╭─ The data
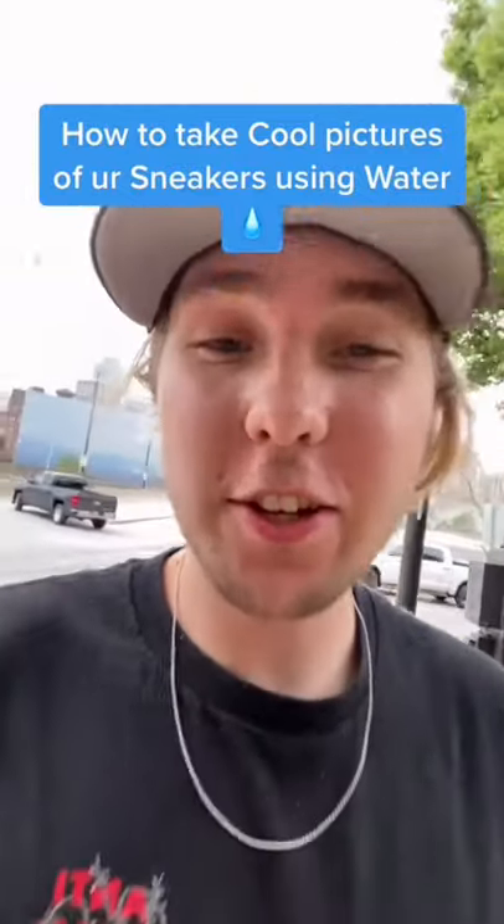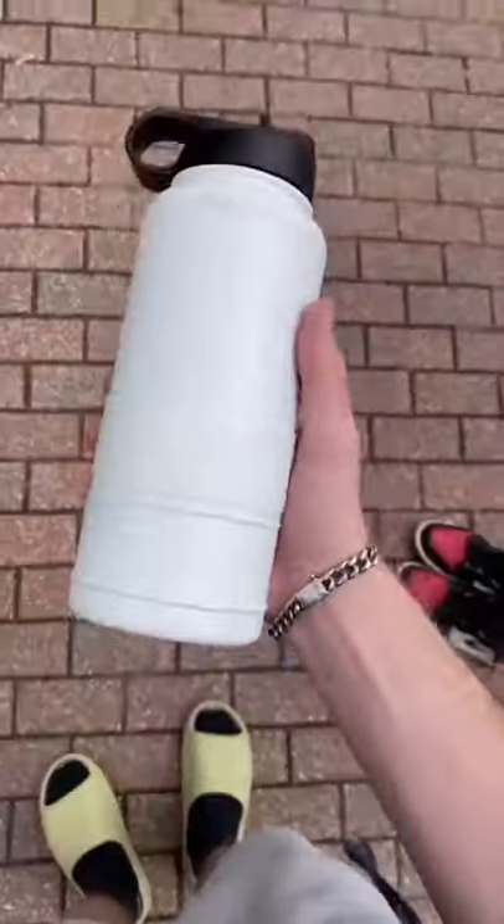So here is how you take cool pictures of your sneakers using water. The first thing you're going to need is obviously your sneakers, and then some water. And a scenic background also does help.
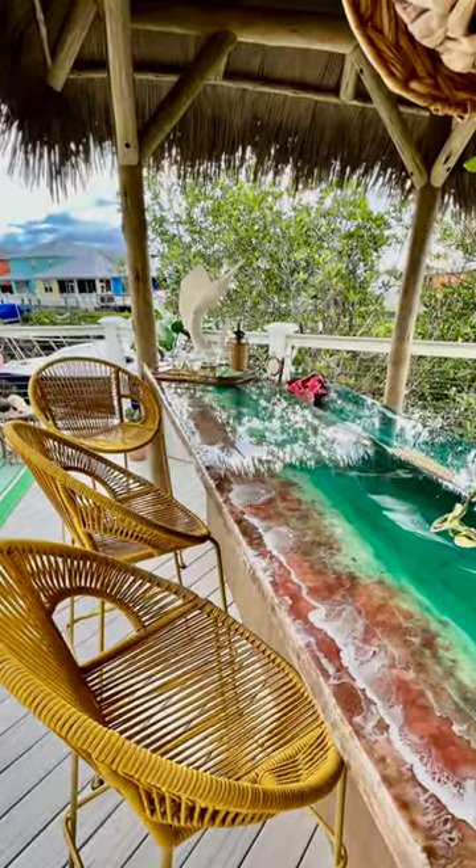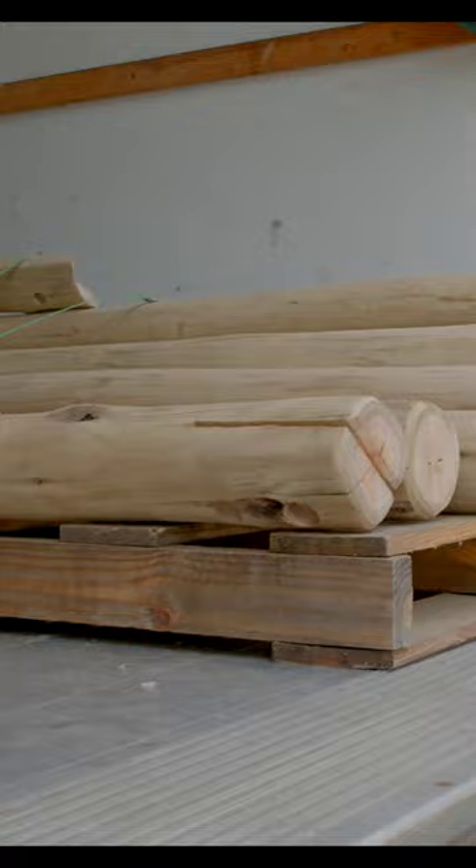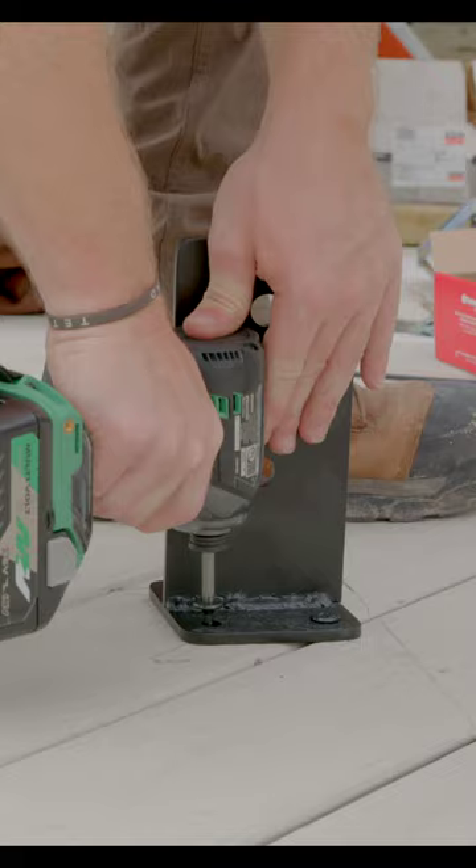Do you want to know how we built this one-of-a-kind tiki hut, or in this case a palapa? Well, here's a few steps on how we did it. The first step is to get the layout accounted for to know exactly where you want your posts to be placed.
╰─
╭─ The data
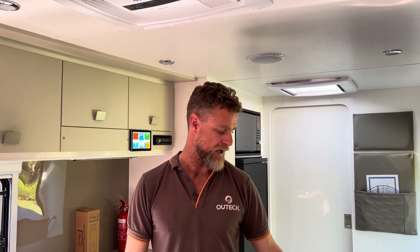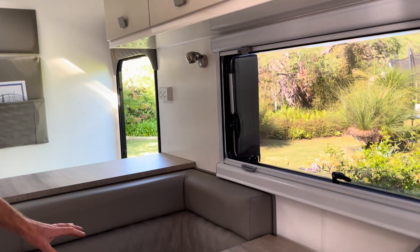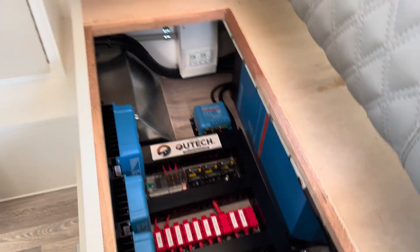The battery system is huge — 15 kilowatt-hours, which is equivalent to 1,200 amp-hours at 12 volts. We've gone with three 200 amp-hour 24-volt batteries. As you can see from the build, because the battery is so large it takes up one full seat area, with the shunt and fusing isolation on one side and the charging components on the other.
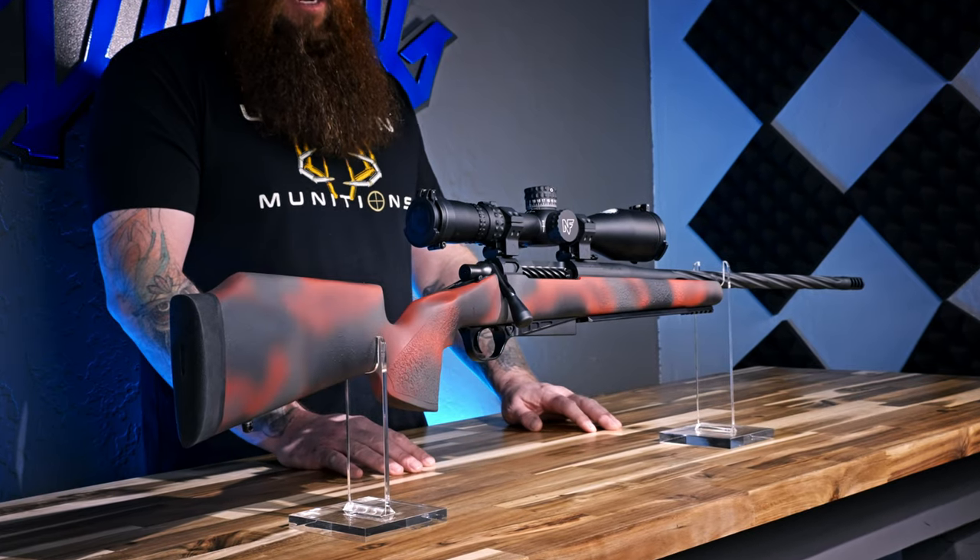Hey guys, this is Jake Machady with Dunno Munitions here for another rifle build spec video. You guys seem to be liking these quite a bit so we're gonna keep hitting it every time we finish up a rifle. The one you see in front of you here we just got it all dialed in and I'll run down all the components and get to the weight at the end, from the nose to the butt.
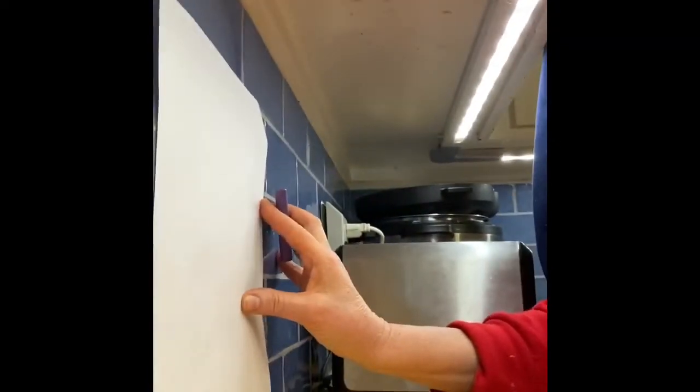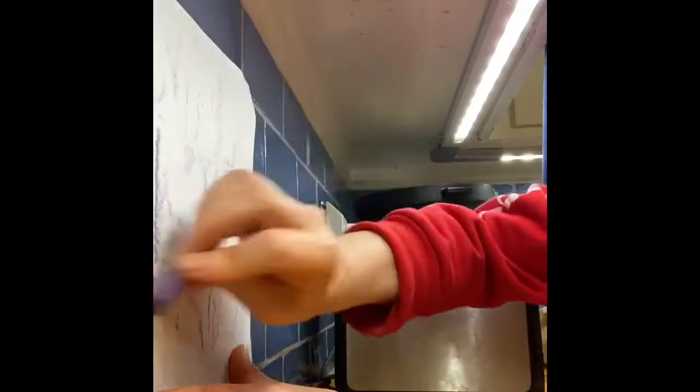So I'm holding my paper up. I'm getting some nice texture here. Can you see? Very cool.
╰─
◆ Task to carry out:
Go back to the lines above and output, exactly as they stand, the ones from the line containing "The battery system" to the line containing "So I'm holding". Leave all pictures behind.

◆ Exercise solution:
The battery system is huge — 15 kilowatt-hours, which is equivalent to 1,200 amp-hours at 12 volts. We've gone with three 200 amp-hour 24-volt batteries. As you can see from the build, because the battery is so large it takes up one full seat area, with the shunt and fusing isolation on one side and the charging components on the other.
Hey guys, this is Jake Machady with Dunno Munitions here for another rifle build spec video. You guys seem to be liking these quite a bit so we're gonna keep hitting it every time we finish up a rifle. The one you see in front of you here we just got it all dialed in and I'll run down all the components and get to the weight at the end, from the nose to the butt.
So I'm holding my paper up. I'm getting some nice texture here. Can you see? Very cool.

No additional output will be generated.